Abstract P205: Therapeutic Hypothermia Decreases Arrhythmia Substrates During Myocardial Ischemia
Therapeutic hypothermia (TH) is recommended for selected patients with return of spontaneous circulation after cardiac arrest. As the majority of cardiac arrests are secondary to ischemia-induced ventricular arrhythmias (VA), it is important to understand the interaction between hypothermia and ischemia because both have proarrhythmic effects, including enhancement of transmural dispersion of repolarization (DOR) and impairment of conduction. Although hypothermia can be proarrhythmic, VA are rare during TH. Therefore, we hypothesized that mild hypothermia would have beneficial electrophysiological effects in the ischemic heart and be antiarrhythmic. To test this hypothesis, the transmural electrophysiologic effects of ischemia in canine left ventricular wedge preparations cooled to 32°C were compared to normothermic controls. Optical action potentials with high spatial (1 mm), temporal (.5 ms) and voltage (.5mv) resolution from cells spanning the transmural surface were recorded at
normal temperature (n=3, 36°C) or
TH (cooled to 32°C, n=4), both at baseline and during 15 minutes of no-flow ischemia.
Prior to ischemia, conduction velocity (CV) and DOR were similar between groups. At 15 min of ischemia in controls (C), epicardial action potential duration (APD) decreased by 50% resulting in a 223% increase in DOR (both p<.04), while during TH, epicardial APD decreased by only 15% (p=ns), without significant increase in DOR. CV decreased by 54% in C and 37% in TH (both p<.05). Importantly, all control preparations (4/4) exhibited conduction failure into the epicardium, but this was never observed in TH.

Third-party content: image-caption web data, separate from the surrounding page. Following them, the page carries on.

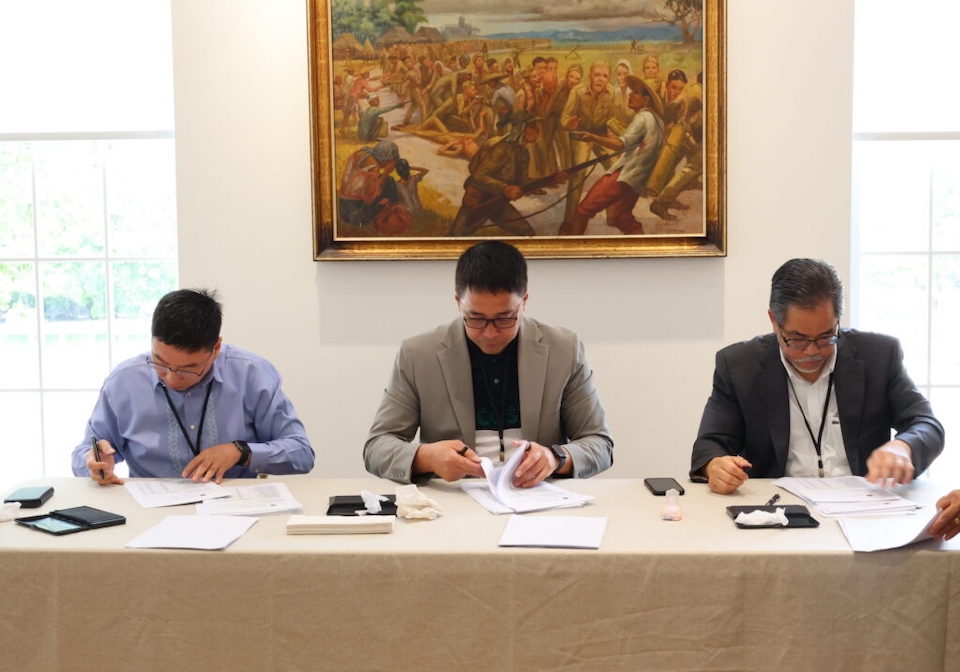 Philippine Embassy Concludes Historic First Online Voting for Overseas Filipinos in the US and the Caribbean balitangnewyork.com/2025/05/philip…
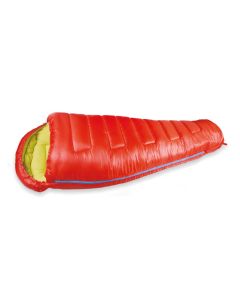 Mummy - Sleeping Bag (Red)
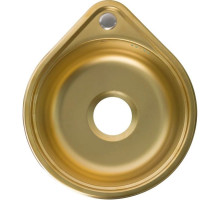 Кухонная мойка Seaman Eco Wien SWT-3945-Antique gold matt.A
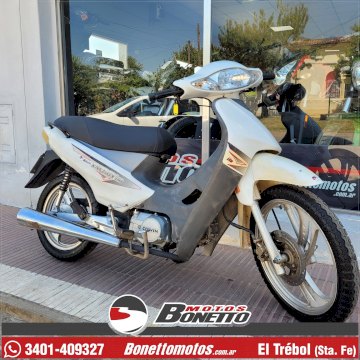 CORVEN ENERGY 110 FULL 2015 24300 KM CORVEN ENERGY 110 FULL 2015 24300 KM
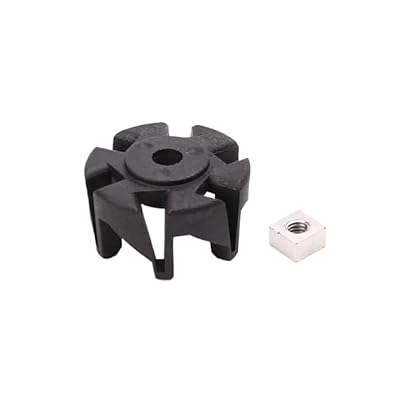 Plastic Shaft Foot Seat Blender Parts,compatible For HR2003 HR2004 HR2006 HR2024 HR2027 A6HB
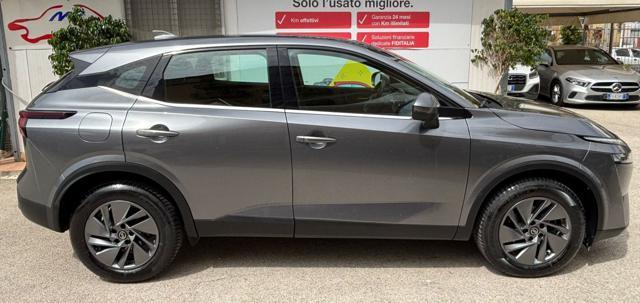 NISSAN Qashqai MHEV 140 CV Business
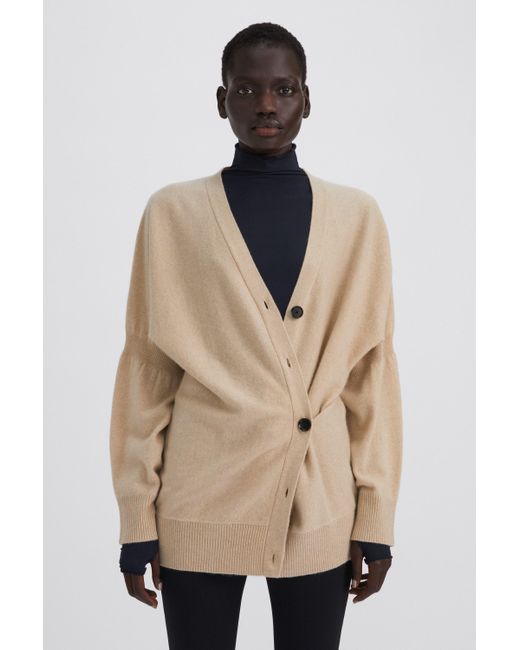 filippa k belted cardigan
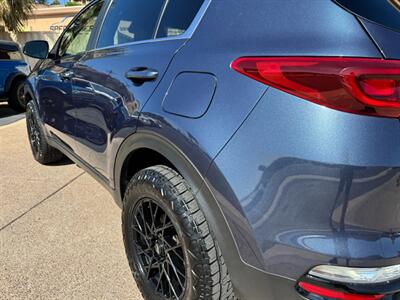 2021 Kia Sportage LX   - Photo 23 - St. George, UT 84770-2625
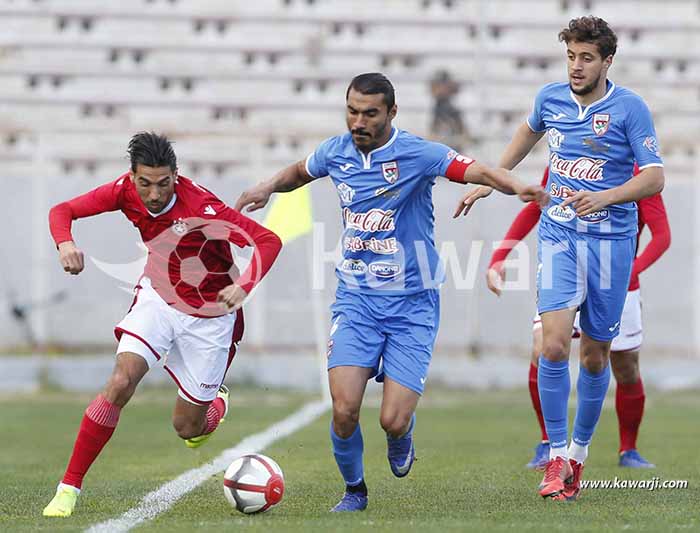 [2018-2019] L1 J12 Etoile Sportive Sahel - Stade Tunisien 4-1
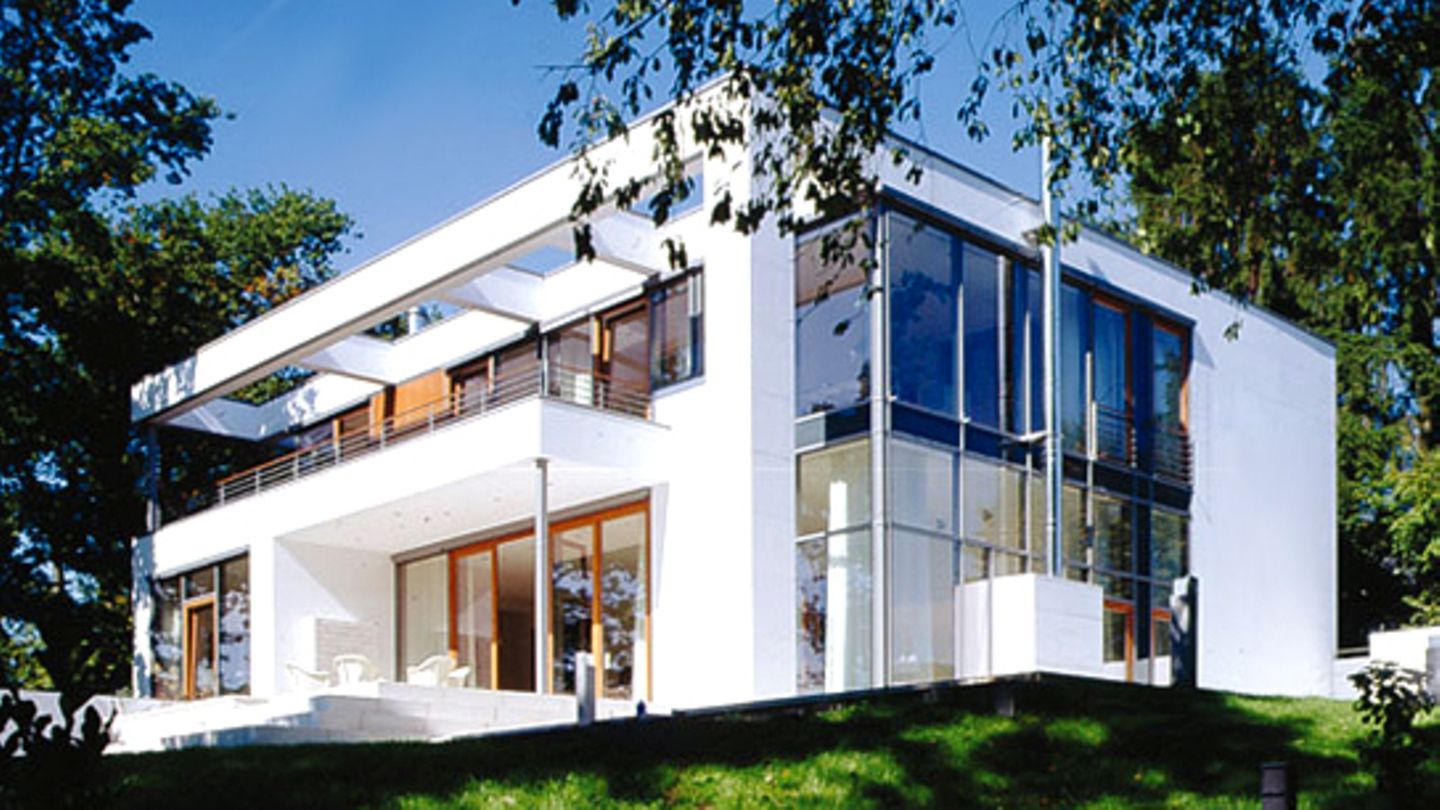 Loggia und Dachterrasse Bild 7 [SCHÖNER WOHNEN]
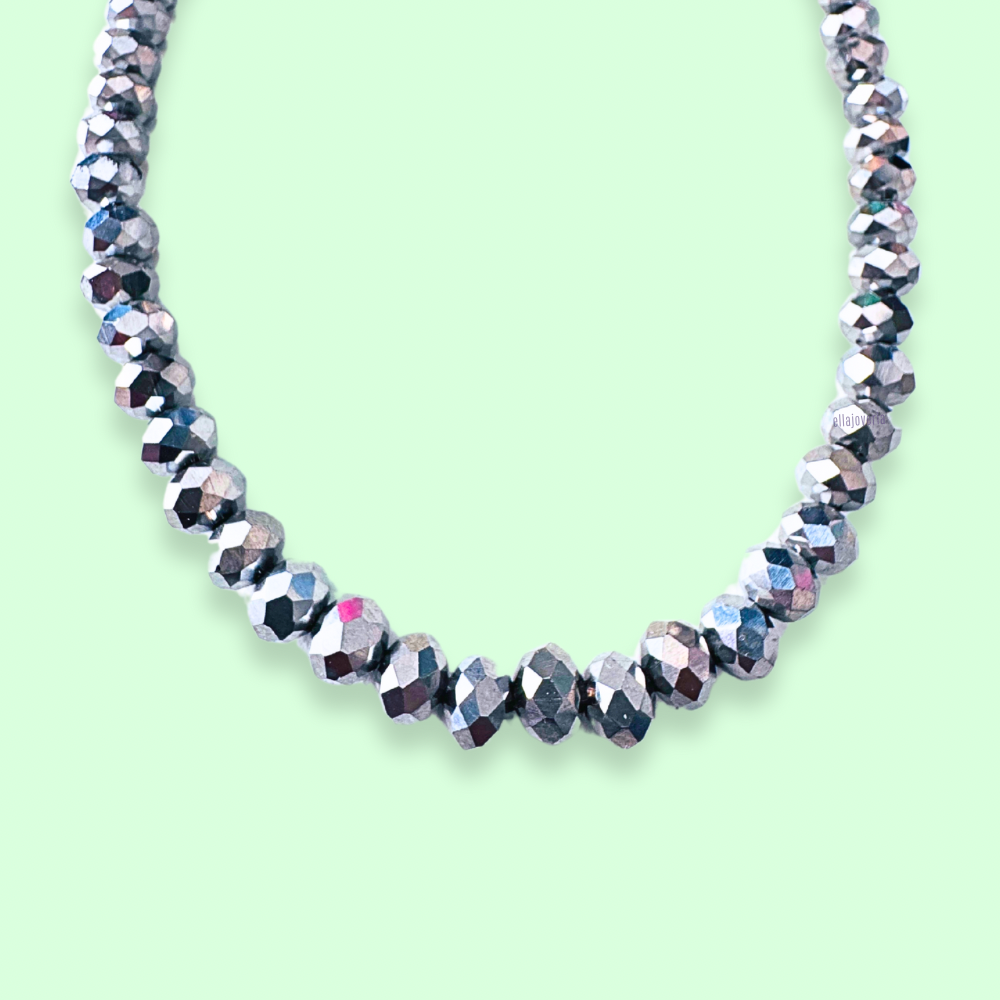 COLLAR ESFERA DISCO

Conclusions: Hypothermia attenuates ischemia-induced transmural heterogeneities in repolarization by preserving APD of epicardial cells and prevents ischemia-induced conduction block. These data suggest that therapeutic hypothermia may be antiarrhythmic in this setting and may be beneficial in the treatment of ongoing ischemia both before and after cardiac arrest.